Fogel’s most famous contribution is summarized in the foreword to the very readable Without Consent or Contract. “Although the slave system was horribly retrogressive in its social, political, and ideological aspects, it was quite advanced by the standards of the time in its technology and economic organization. The paradox is only apparent…because the paradox rests on the widely held assumption that technological efficiency is inherently good. It is this beguiling assumption that is false and, when applied to slavery, insidious.”
Roughly, it was political change alone, not economic change, which could have led to the end of slavery in America. The plantation system was, in fact, a fairly efficient system in the economic sense, and was not in danger of petering out on its own accord. Evidence on this point was laid out in technical detail in Fogel and Engerman’s “Time on the Cross”. In that text, evidence from an enormous number of sources is brought to bear on the value of a slave over time; McCloskey has called Fogel “a carpenter of history…measure, measure again, measure again.” The idea that the economic effects of history can be (and are) wildly different from the moral or political effects remains misunderstood; Melissa Dell’s wonderful paper on the Peruvian mita is a great example of a terrible social policy which nonetheless had positive long-run economic effects. As historians disdain “Whig history”, the idea that things improve as time marches on, economists ought disdain “Whig economics”, the idea that growth-inducing policies are somehow linked to moral ones.
There is much beyond the slavery research, of course. In one of the most famous papers in economic history, Fogel studied the contribution of the railroad to American economic growth (Google has this at only 86 citations; how is such a low number possible?). He notes that, as economists, we should care about the marginal benefit, not the absolute benefit, of the railroad. In the absence of rail, steamboats and canals were still possible (and would likely have been built in the midwest). He famously claims that the US would have reached its income in January 1890 by the end of March 1890 had there been no rail at all, a statement very much contrary to traditional historical thinking.
Fogel’s later life was largely devoted to his project on the importance of improved nutrition and its interaction with economic growth, particularly since the 1700s. If you’ve not seen these statistics, it is amazing just how short and skinny the average human was before the modern era. There has been an enormous debate over the relative role of nutrition, vis-a-vis technologies, knowledge like germ theory, or embodied or diffused knowledge, in the increased stature of man: Angus Deaton summarizes the literature nicely. In particular, my read is that the thesis whereby better nutrition causes a great rise in human incomes is on fairly shaky ground, though the debate is by no means settled.

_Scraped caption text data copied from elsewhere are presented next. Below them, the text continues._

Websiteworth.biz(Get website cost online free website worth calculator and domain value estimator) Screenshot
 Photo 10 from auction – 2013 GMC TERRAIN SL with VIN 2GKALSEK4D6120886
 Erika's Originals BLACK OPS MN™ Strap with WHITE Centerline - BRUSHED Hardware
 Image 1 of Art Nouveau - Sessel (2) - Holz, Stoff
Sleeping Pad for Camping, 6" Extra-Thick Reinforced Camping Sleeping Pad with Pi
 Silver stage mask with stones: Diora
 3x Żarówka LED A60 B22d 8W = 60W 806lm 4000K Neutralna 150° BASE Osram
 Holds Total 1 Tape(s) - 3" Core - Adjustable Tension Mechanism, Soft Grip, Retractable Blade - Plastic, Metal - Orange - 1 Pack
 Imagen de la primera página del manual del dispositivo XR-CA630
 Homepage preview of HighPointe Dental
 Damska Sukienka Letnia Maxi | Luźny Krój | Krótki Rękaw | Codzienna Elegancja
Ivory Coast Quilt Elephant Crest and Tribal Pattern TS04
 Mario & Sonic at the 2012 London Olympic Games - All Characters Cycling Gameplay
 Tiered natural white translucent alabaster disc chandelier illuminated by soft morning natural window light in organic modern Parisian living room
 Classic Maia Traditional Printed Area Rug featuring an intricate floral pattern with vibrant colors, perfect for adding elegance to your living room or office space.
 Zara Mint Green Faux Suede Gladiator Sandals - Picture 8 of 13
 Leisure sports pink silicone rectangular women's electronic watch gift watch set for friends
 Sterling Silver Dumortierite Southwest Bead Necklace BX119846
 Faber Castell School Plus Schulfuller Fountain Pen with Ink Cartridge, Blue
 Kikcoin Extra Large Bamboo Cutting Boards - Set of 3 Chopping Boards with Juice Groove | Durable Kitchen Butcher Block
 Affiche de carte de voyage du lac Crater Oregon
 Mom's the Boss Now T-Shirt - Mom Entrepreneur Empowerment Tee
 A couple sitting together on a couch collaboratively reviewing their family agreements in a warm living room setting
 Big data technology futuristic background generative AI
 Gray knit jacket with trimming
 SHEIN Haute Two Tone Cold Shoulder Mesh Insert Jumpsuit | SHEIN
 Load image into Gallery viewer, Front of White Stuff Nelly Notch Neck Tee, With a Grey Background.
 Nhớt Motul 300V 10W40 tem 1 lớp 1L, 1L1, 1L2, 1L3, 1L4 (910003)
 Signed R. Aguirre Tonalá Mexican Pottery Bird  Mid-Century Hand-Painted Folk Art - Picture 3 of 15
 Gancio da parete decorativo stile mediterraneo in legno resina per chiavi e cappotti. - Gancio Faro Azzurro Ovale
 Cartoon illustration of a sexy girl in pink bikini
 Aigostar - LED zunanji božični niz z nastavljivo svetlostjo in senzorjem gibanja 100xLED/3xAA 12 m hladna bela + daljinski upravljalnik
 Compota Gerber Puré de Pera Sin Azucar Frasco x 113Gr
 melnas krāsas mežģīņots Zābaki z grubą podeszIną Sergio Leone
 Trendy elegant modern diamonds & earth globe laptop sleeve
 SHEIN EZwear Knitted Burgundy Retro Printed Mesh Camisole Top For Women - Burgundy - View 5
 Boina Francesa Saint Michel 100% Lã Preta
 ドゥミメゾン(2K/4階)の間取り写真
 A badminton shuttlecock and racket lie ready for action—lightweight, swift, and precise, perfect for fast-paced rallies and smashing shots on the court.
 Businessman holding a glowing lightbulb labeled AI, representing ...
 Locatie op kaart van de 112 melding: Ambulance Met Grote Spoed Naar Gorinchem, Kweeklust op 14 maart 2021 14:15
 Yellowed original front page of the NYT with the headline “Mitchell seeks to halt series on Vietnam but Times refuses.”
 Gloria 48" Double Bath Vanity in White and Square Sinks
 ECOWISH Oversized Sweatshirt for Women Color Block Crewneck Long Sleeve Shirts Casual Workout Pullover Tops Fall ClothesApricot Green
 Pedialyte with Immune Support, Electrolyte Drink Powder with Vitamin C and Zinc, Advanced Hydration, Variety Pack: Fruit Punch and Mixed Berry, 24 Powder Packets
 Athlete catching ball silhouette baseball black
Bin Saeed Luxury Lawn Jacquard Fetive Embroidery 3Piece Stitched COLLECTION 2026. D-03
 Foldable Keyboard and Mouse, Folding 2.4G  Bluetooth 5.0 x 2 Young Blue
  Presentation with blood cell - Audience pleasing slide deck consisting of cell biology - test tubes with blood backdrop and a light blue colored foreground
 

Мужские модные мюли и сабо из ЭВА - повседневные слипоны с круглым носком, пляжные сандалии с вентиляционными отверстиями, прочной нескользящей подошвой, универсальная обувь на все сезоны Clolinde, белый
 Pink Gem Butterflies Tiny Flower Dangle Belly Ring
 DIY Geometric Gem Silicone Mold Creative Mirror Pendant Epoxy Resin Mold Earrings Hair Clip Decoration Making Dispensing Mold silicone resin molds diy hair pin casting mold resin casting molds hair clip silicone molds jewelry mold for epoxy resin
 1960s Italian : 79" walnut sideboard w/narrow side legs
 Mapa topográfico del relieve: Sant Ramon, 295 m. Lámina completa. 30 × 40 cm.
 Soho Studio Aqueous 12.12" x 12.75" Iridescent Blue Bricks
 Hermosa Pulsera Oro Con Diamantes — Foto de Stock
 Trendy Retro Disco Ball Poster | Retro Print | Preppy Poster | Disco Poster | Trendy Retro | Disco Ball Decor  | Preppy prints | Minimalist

Amazon has Without Consent or Contract for sale for under 15 bucks, well worth it. Some quick notes: Fogel was by no means a lone voice in cliometrics; for example, Conrad and Meyer in a 1958 JPE make very much the same point as Fogel concerning the economic success of slavery, using tools from capital theory in the argument. Concerning the railroad, modern work suggests Fogel may have understated its importance. Donaldson and Hornbeck, two of the best young economic historians in the world, use some developments in modern trade theory to argue that increased market access due to rail, measured as market access is capitalized into farmland, was far more important to GDP growth than Fogel suggested.